A key element of that plan consists of having sheriff’s departments from neighboring counties send their deputies over to Portland to join in the fray now that federal reinforcements are gone. She and Portland Mayor Ted Wheeler having sent them packing (oops.)
The brilliant plan contains something of a significant flaw, however; Gov. Brown failed to let those sheriff’s departments in on it.
The response from at least two sheriffs, Craig Roberts from Clackamas County, and Pat Garrett of Washington County, should not have been unexpected; no, they essentially said, we are not going to use our limited resources and risk our people to bail you out.
The official statements from both sheriffs, and one from the Oregon Association of Chiefs of Police (OACP), are instructive, and spell out for the hapless governor and mayor just what the problem is and how to go about solving it.
Sheriff Roberts’ statement probably said it best and is worth repeating: “Had Gov. Brown discussed her plan with my office, I would have told her it’s about changing policy not adding resources. Increasing law enforcement resources in Portland will not solve the nightly violence and now, murder. The only way to make Portland safe again is to support a policy that holds offenders accountable for their destruction and violence. That will require the DA to charge offenders appropriately and a decision by the Multnomah County presiding judge not to allow offenders released on their own recognizance, and instead require bail with conditions. The same offenders are arrested night after night, only to be released by the court and not charged with a crime by the DA’s office. The next night they are back at it, endangering the lives of law enforcement and the community all over again.” Just so.
Sheriff Garrett echoed his counterparts' sentiments. He acknowledged that he would provide indirect support as appropriate to the Portland Police Bureau, as cops are inclined to do for their beleaguered brothers and sisters, but, he pointed out, “the lack of political support for public safety, the uncertain legal landscape, the current volatility combined with intense scrutiny on use of force presents an unacceptable risk if deputies were deployed directly.”
The OACP reinforced the message in explaining to Gov. Brown just why cherry-picking officers from hither and yon was not going to be met with enthusiasm from other jurisdictions because “due to the lack of support for public safety operations, the associated liability to agencies who would be assisting in Portland and the lack of accountability for those arrested committing criminal acts, we cannot dedicate our limited resources away from the communities we serve.”

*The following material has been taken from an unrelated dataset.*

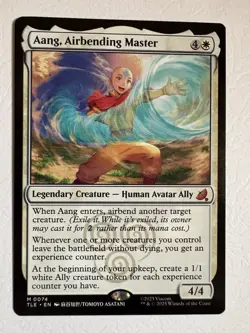 Aang, Airbending Master #74 MTG Avatar: The Last Airbender: Eternal TLE NM - Image 1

The chiefs association capped and summarized the lesson this way: “Abandoning law enforcement or the need for policing is not working. It has only shown that it undermines the rule of law and puts our community at greater risk.”
That any law enforcement organization in the country would feel it circumstantially necessary to illustrate this to a sitting state governor comes close to compelling despair.

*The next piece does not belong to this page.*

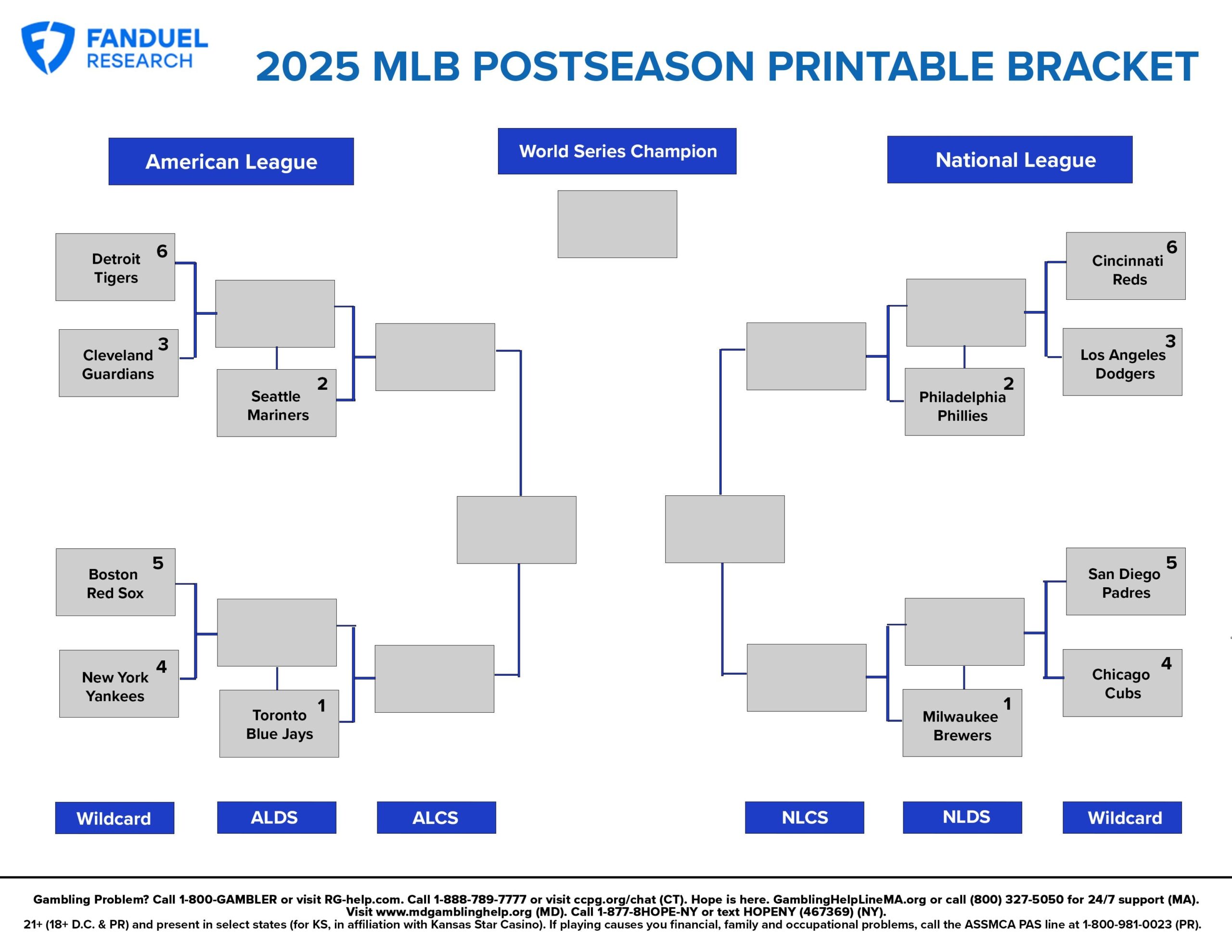 Mlb 2026 Playoff Schedule Bracket Printable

They continued helpfully, with a three-step plan of their own, suggestions of what the governor could perhaps do that would work: beginning with a) “a strong statement by elected leadership at all levels that criminal acts are not legitimate protest and that those who commit crimes will be held accountable”; b) detaining and prosecuting those arrested for street crimes, and c) issuing “publicly voiced support for law enforcement and its efforts to protect lawful protesters and hold criminal violators accountable in a very difficult environment.”
Again, not exactly esoteric nuggets pulled from the vault of obscure criminological theory, but given the actions of Portland’s mayor and Oregon’s governor all summer, the advice is positively Solomonic.

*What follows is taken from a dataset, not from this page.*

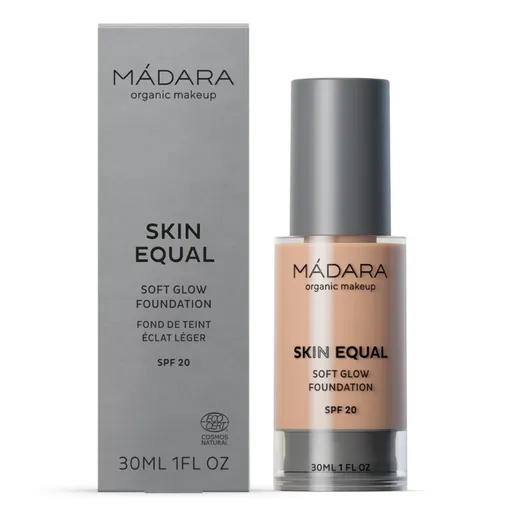 MÁDARA Machiaj lichid SPF 20 Skin Equal Soft Glow Foundation 30 ml 30 Rose Ivory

It is a lesson that Colorado’s leaders, and Denver’s, would be wise to take to heart. Denver has not reached Portland’s level of lawlessness but has had more than its share, and the violence continues to re-erupt periodically. And it will continue to do so as long as local politicians continue the enabling rhetoric; criminals are not prosecuted and jailed, and further legislative efforts to immobilize the police in the state are pursued.